Exporting the American Renaissance
Global impacts of LNG exports from the United States
In a startling about-face, natural gas market forces reversed course over the past several years. Expectations that the U.S. would become a major importer of liquefied natural gas (LNG) have been replaced by the possibility of the U.S. becoming a major LNG exporter. As a result of a largely unforeseen surge in shale gas production, North American natural gas prices collapsed from over $10 per million British thermal units (MMBtu) in 2008, to under $3/MMBtu at various times during 2012. However, gas prices in Asia and Europe remain strong, creating huge spreads above U.S. prices.

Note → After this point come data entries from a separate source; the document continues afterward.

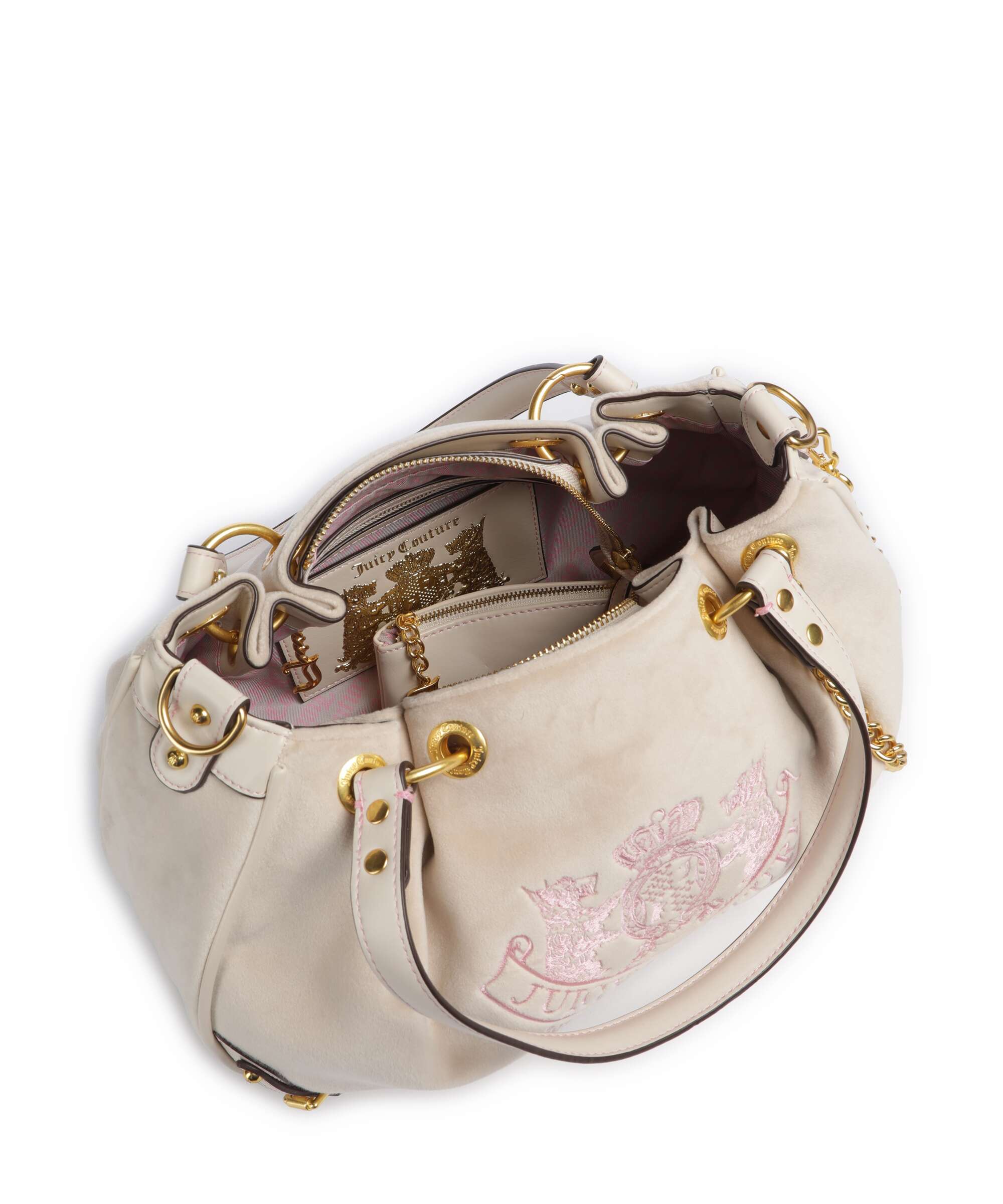Juicy Couture Twig Narrative Velvet M Torebka worek marshmallow - Image 7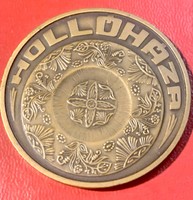 Hóllóhaza bronze plaque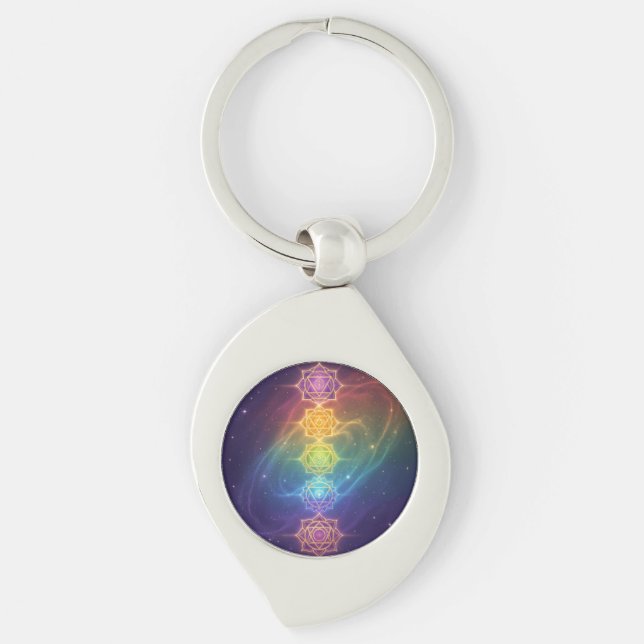 Porte-clés Die 7 Chakren´11 (Devant)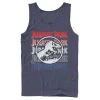 Men's Jurassic Park Red White And Blue Title Graphic Tank Top -Men's Skechers Shoes Shop 4249431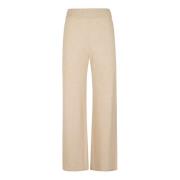 Gebreide Zand Geribbelde Taillebroek Max Mara Weekend , Beige , Dames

Large price spreads between the U.S. and other regions have enticed foreign buyers seeking lower cost gas to consider U.S. supplies, while U.S. producers yearn for higher prices seen in foreign markets. As a result, U.S. LNG project developers seeking to arbitrage the large price spreads have submitted about 20 LNG export projects to the U.S. Department of Energy for approval. The proposed projects represent approximately 27 billion cubic feet per day of LNG export capacity.
Each world-scale LNG plant requires a multi-billion dollar investment to build, and given the enormity of the capital needed for development of U.S. LNG export facilities, project developers, regulators, and natural gas producers are keenly interested in understanding the potential impact of LNG exports on U.S. and worldwide natural gas markets. Clearly, not all or perhaps even a majority of the proposed projects are likely to come to fruition. But what would the impact be if the U.S. exported a significant volume of LNG?
While much attention has focused on the impact of U.S. LNG exports on the U.S. market, this study also specifically analyses the potential economic consequences of those exports on global markets. It attempts to estimate the potential price impacts, gas supply changes, and flow displacements if the U.S. exported a given volume of LNG to either Asia or Europe.